Photo of Peter MathewsPeter Mathews (Dublin South, Independent) | Oireachtas source

I thank the witnesses for their attendance. I wish to pick up on something Deputy O'Donnell mentioned, the balance sheet repair that the institutions are undertaking. The problem that has arisen for everybody across the markets, not just Ulster Bank, is due to the creation of credit by the abandonment of fractional reserving. Ulster Bank is part of RBS Group and in 2008 RBS Group, if one ignored ABN AMRO, which had a good balance sheet, had loans-to-customer deposits ratios of 135%. That is 45% above the safety level of 90% for prudential lending and responsible bank board operation. Forty-five per cent as a proportion of 90% is 50%. When Ulster Bank is in a sector of banks where the average loans-to-deposits ratio was 173%, with an abandonment over seven years of fractional reserving, absolutely reckless balance sheet construction and creating an asset price bubble with the credit that had been gathered through the banking system, that bank is responsible for 50% of the asset price fall of assets bought with funds provided by the bank.
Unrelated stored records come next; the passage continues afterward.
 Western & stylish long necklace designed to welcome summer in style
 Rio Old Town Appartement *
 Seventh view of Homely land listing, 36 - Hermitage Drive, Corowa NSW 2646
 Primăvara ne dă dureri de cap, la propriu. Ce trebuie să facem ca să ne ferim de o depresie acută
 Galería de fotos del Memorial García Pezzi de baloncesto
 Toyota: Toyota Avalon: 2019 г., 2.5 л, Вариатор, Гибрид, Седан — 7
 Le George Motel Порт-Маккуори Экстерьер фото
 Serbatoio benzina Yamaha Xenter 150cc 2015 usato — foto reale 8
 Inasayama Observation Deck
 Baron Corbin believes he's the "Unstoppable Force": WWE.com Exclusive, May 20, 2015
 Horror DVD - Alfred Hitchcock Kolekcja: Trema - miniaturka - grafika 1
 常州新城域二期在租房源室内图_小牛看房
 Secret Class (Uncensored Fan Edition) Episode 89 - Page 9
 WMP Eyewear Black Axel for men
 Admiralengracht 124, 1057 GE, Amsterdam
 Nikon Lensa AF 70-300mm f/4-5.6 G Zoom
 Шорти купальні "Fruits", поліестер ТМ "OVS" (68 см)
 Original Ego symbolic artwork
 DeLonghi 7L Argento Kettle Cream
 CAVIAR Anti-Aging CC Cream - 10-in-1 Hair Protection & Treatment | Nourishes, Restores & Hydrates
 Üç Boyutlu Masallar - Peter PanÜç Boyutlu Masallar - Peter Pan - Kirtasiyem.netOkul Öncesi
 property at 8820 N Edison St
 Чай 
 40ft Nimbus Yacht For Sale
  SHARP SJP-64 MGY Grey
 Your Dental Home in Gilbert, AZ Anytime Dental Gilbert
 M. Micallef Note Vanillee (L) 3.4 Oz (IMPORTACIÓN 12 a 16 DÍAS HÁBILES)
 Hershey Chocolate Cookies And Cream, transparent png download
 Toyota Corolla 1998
That is a fact mathematically. In the case of Bank of Ireland, it is 75% responsible and accountable for the asset price fall of the assets that were bought with funds loaned by Bank of Ireland to its customers. It is really a breathless, astonishing arrogance on the part of the sector to seek to collect 100% of the loans that created a mirage. It was a bubble of air to which the customers are now long-term mortgage slaves.

In fact, let us consider the etymology of the word "mortgage". "Mort" means death. Normally it was death of the asset while the borrower was repaying the money so that the asset became his or hers at the end of the 25 years. Now, because of those seven years of profligate and absolutely malfeasant lending by the boards of banks, the borrowers of that period find that they have no assets. The only asset that they might have had after 25 years is likely never to be theirs. The nonsense that is being peddled at the moment, that the property market is taking off, is absurd. It is like saying that the stock market has gone up in value because 1% of the equity on the stock market has been traded at a temporarily high price.

This is where we must get real. I do not like the language and terms such as "encourage meaningful re-engagement". Let us get real about this. The bank had a breakdown in its computer systems for three or four months but there was no engagement, even with people who had deposits or credit balances in their accounts. This is unfair. I am not asking for heads or scalps, just for fairness. A total of 15,000 customers of the bank are in deep distress, mental depression and even facing death. It is wrong. I am asking all the witnesses to put it to their boards that they really wrecked this country.